Dragon Blade is a film which goes on quite a journey. To begin with, you’ve got Jackie Chan and all the wacky jokes and complete badassery which follows him around. Throw in some swords, fighting, battles. Also, for the sake of it, let’s have a little musical number too. Not the dancing type, but the epic ‘everyone is singing about how great stuff is’ type. Then a splash of child murder and some more fights for the hell of it. That pretty much sums up Dragon Blade.

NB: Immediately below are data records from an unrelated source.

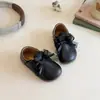 Sapatos de Couro para Meninas 2026 Primavera/Outono Novos Sapatos de Princesa Infantis Sola Macia Sapatos Individuais Sapatos de Performance para Meninas Mocassins Estilo Pequeno Chanel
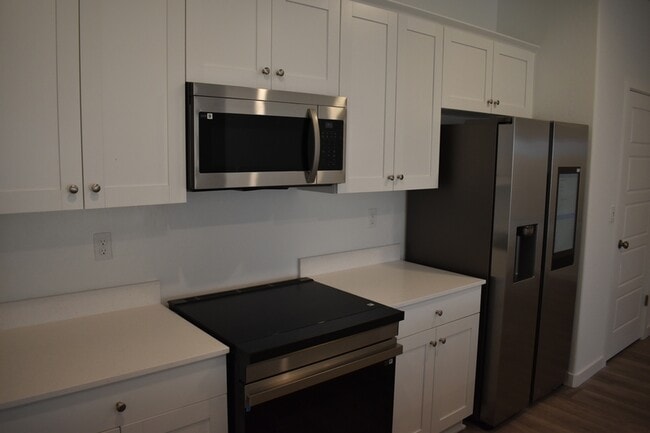Building Photo - 4470 N San Clemente Ave
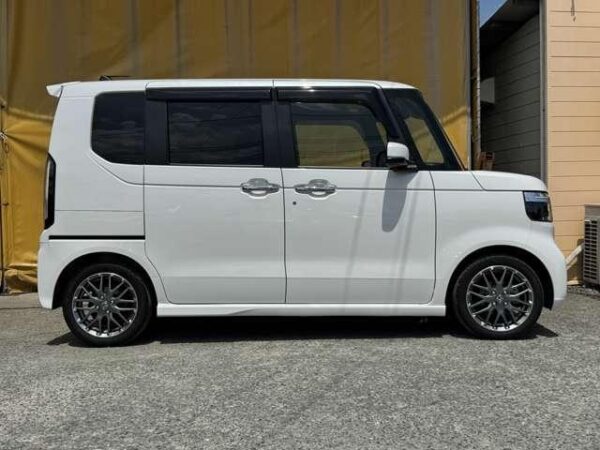 Ref:AUX-18584115 HONDA N-BOX 2024 - Image 6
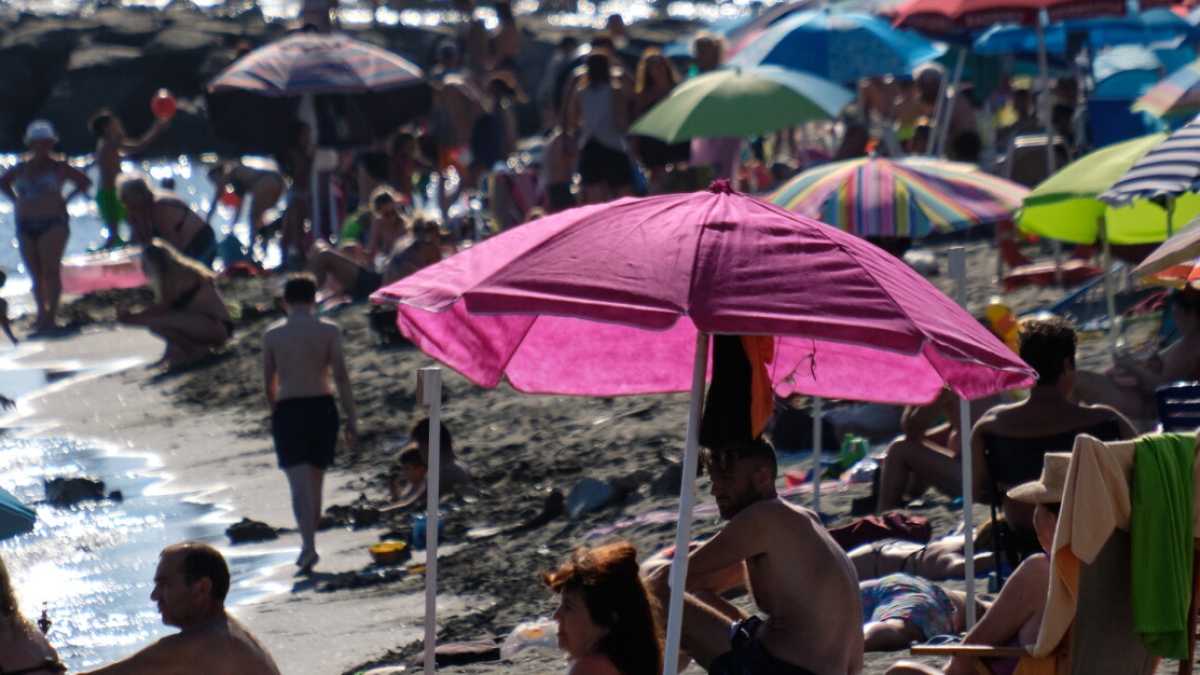 Immagine di Come fanno gli italiani, senza soldi e lavoro, ad andare in vacanza?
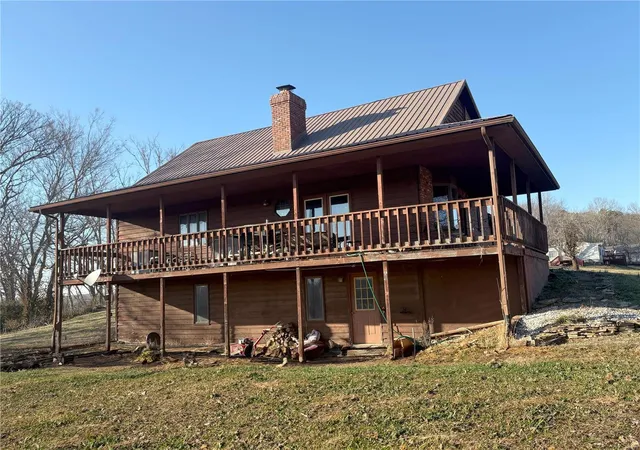 Photo 3 of Single Family Residence at 101 North St, Marble Hill, MO 63764 | MLS# MIS25012515 |  | Sold on 2025-05-06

I, for one, enjoyed it. Not just because of the child murder (even though that’s always a laugh). Jackie Chan is on form as always and the choreography is amazing, as is to be expected. John Cusack’s character seems to go between wooden and awesome, never quite settling on one side, but he does provide enough of a personality to stand beside Chan. If I had one bone to pick with Dragon Blade, it would probably be the way they edited the film. Occasionally, the story seems to jump forward without properly explaining parts of the story like, for example, when Jackie Chan’s character, Huo An, goes from exiled prisoner to leading an army outside of the city within the change of a scene.

That being said, the pace of Dragon Blade never slows down and keeps the excitement going throughout. I could never say that this film was boring or poorly paced and it kept me watching right until the end. I also find it interesting that a film which seems to be preaching pacifism and peace as its main themes manages to have so much fighting in it. There is a battle scene at the end which even puts The Hobbit’s ‘Battle of the Five Armies’ to shame. After all, that one only had five armies. Barely a battle really.

Overall, Dragon Blade does what it sets out to do, which is to provide an entertaining film. Definitely worth seeing if you’re an action or a Jackie Chan fan. Even more so if you’re both.

**** 4/5

Dragon Blade is on limited release across the UK from tomorrow, January 15th.